Monsieur le Président de l'Assemblée du peuple d'Egypte, président de l'IDEF,
Mesdames et Messieurs les Ministres,
Mesdames et Messieurs les Ambassadeurs,
Mesdames et Messieurs les Parlementaires,
Monsieur le Procureur général près la Cour de cassation
Mesdames et Messieurs les Présidents et responsables de hautes juridictions,
Mesdames et Messieurs,
A vous tous qui êtes réunis ce soir, à l'issue de la première journée de votre Congrès, parlementaires, magistrats, avocats, universitaires, juristes, représentants de la société civile, j'adresse mes souhaits de bienvenue et l'expression de mes sentiments chaleureux et amicaux.
Ma reconnaissance va d'abord au président de l'IDEF, M. Ahmed Fathi Sorour, qui a réuni toutes les conditions pour faire de ce 28ème congrès un succès. Permettez-moi aussi de remercier le président Christian Poncelet, qui accueille vos travaux au Sénat.
Votre session porte sur le thème de la Justice et des Droits de l'Homme qui présente, pour la Francophonie comme pour la Coopération française, un caractère éminemment prioritaire. Dans ce domaine essentiel - comme tous ceux qui touchent à l'Etat de droit et à la démocratie - l'IDEF peut, au nom des valeurs d'humanisme, de solidarité et de modernité qu'il partage avec la Francophonie, apporter un concours déterminant. A cet égard, quatre objectifs inspirent son action :
Premier objectif : mieux intégrer les Droits de l'Homme dans les législations nationales.
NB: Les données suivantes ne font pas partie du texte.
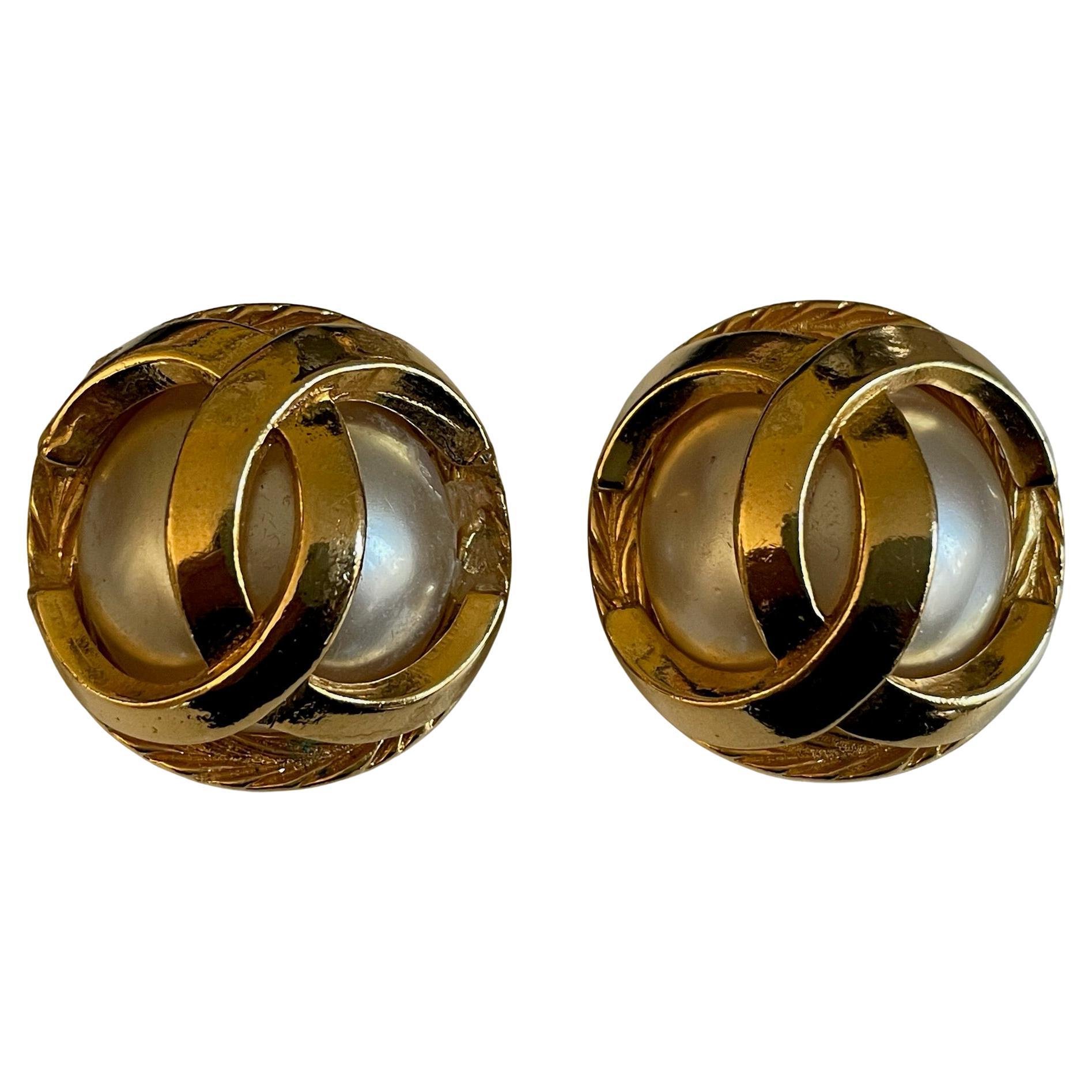 Orecchini Chanel in vendita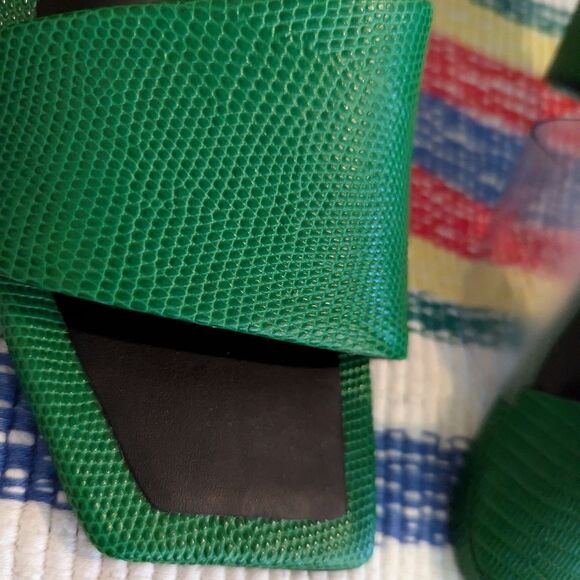 Viola green leather sandals from Mercedes Castillo - Picture 5 of 14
Chaque pays a son histoire, ses traditions, ses valeurs. Mais la reconnaissance de l'universalité et de l'indivisibilité des Droits de l'Homme s'impose à tous les Etats parce que le respect de la personne et de la dignité humaines transcendent les différences. L'adoption de la Déclaration des Droits de l'Homme et du citoyen de 1789 a ouvert la voie. La Déclaration universelle de 1948 et les Pactes internationaux sur les droits économiques, sociaux et culturels de 1966 ont marqué des étapes importantes dans ce processus continu. Cette démarche collective a été confirmée par l'adoption des grands textes régionaux de référence tels que la Convention européenne des Droits de l'Homme, la Charte des droits fondamentaux de l'Union européenne ou encore la Charte africaine des Droits de l'Homme.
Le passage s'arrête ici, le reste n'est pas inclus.